Supplied material ▸
▽

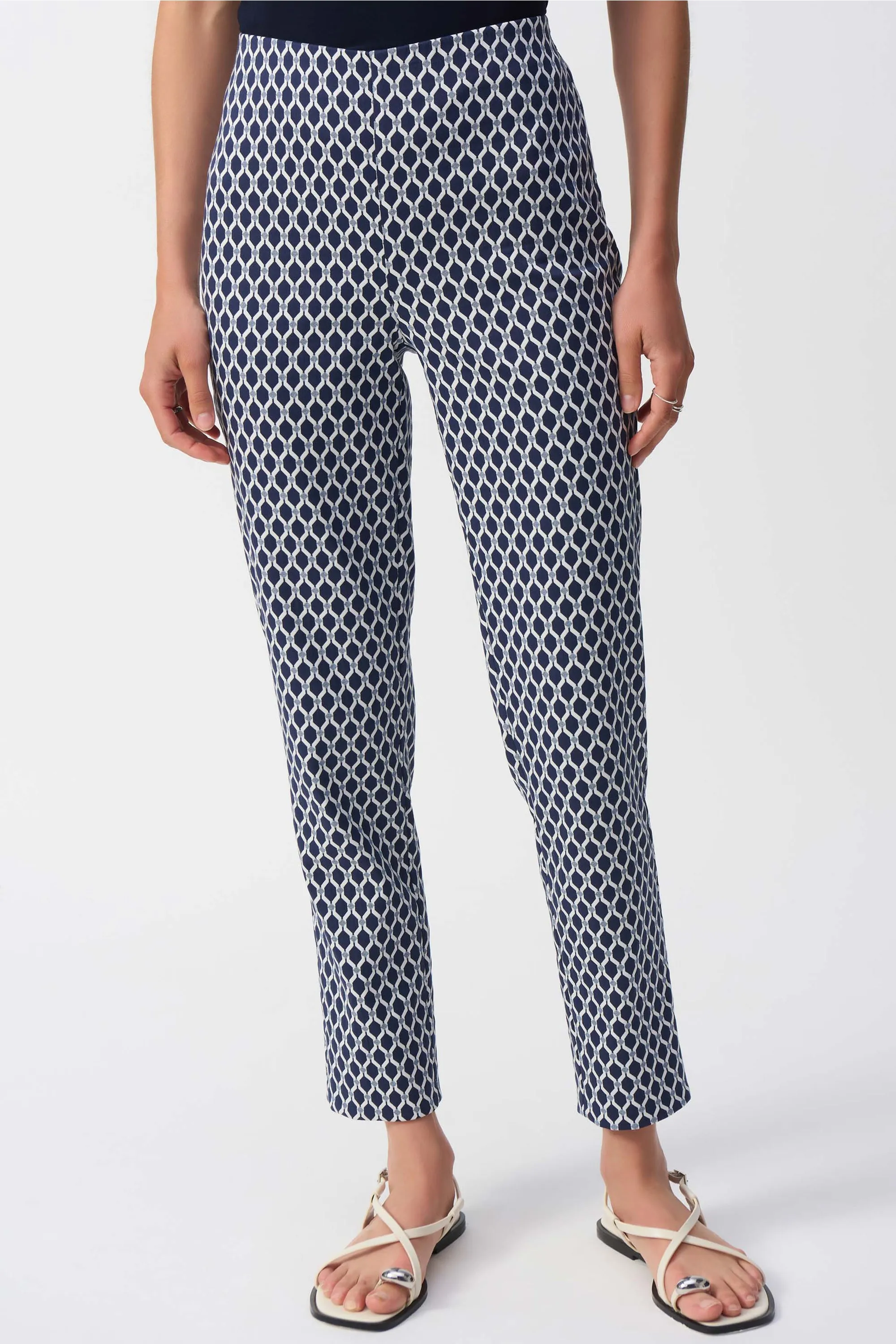 BLUE WHITE GEOMETRIC SLIM PANT
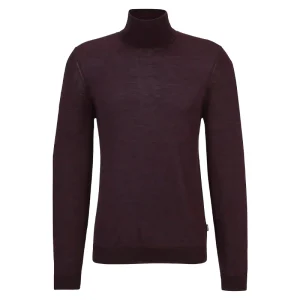 Hugo Boss Musso Men's Long Sleeve Roll Neck Jumper Burgundy Small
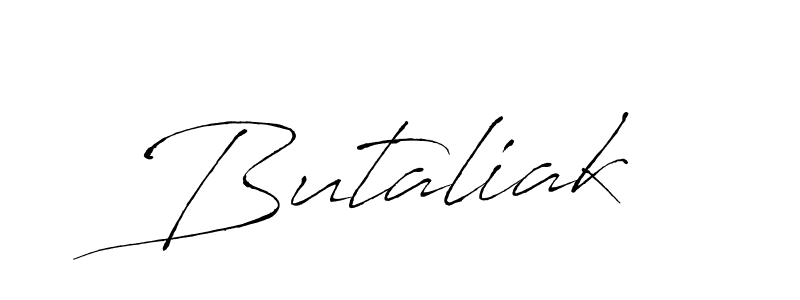 Make a beautiful signature design for name Butaliak. With this signature (Antro_Vectra) style, you can create a handwritten signature for free. Butaliak signature style 6 images and pictures png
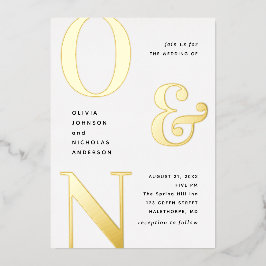 Goldfette Typografie Moderne Hochzeit + Details Folieneinladung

△

What you need to do ▸ In the listing above, find the line with "Hugo Boss Musso" and the line with "Make a beautiful". Set down both and every line between them, minus the pictures.

Task result ▸
 Hugo Boss Musso Men's Long Sleeve Roll Neck Jumper Burgundy Small
 Make a beautiful signature design for name Butaliak. With this signature (Antro_Vectra) style, you can create a handwritten signature for free. Butaliak signature style 6 images and pictures png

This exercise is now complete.